We are pleased that our paper on the use of repeated courses of corticosteroids in the UK has stimulated further discussion as this is obviously an important topic for current obstetric practice. We agree with Spencer and Pakarian that adverse effects have been reported in babies whose mothers have received multiple courses of corticosteroids. The evidence, however, both from animal and human studies is conflicting. Some reports suggest a decreased incidence of adverse neonatal outcomes and others suggest harmful effects1–3. One reason for this is that observational studies are unable to separate the effect of multiple courses from either the influence of different gestational ages at delivery or the disorder for which multiple courses were prescribed. As the authors point out, women who received multiple courses of steroids are more likely to be delivered at later gestations when risk of neonatal respiratory distress and other premature complications are uncommon. However, it can also be argued that women who receive multiple courses of corticosteroids remain in an at-risk situation for longer and this in itself may be associated with a worse perinatal outcome. Without a randomised controlled trial the relative contribution of these two biases cannot be known.
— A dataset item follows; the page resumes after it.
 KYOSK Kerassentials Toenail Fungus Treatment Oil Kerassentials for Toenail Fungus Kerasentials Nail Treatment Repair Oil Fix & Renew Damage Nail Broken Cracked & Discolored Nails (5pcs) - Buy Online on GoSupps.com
As our survey of practice showed, 98% of units that responded to the survey in the UK currently prescribe multiple courses of corticosteroids to some women. Whether this confers benefit, causes harm or has no effect on the condition of these babies is currently unknown and unlike Spencer and Pakarian we argue that not to do a randomised controlled trial is unethical. While waiting for the results of this trial it is not possible to recommend the number of courses of corticosteroids that may or may not be beneficial or harmful. This information can only come from a well-designed randomised controlled trial. There is no other methodology which can produce a bias-free answer.
Finally Spencer and Pakarian are concerned that a trial of the duration of the efficacy of antenatal corticosteroids may be confounded by increasing gestation. The trial that we are proposing and which started in November 1999, recruits women who have already received a single course of corticosteroids because of the risk of preterm delivery. They are then randomised to receive further courses of corticosteroids or placebo for as long as the clinician feels is necessary which will depend, to an extent, on the duration of the risk factor. As a consequence, the two groups will be delivered at similar times. We are confident that we can compare the results of the two groups and explore the potential for benefit or harm with two, three, four or more courses of corticosteroids to determine whether a dose response effect exists. Further information about the trial including the full protocol can be obtained on the National Perinatal Epidemiology Unit web site at http://www.npeu.ox.ac.uk/trials/protocol/index.html.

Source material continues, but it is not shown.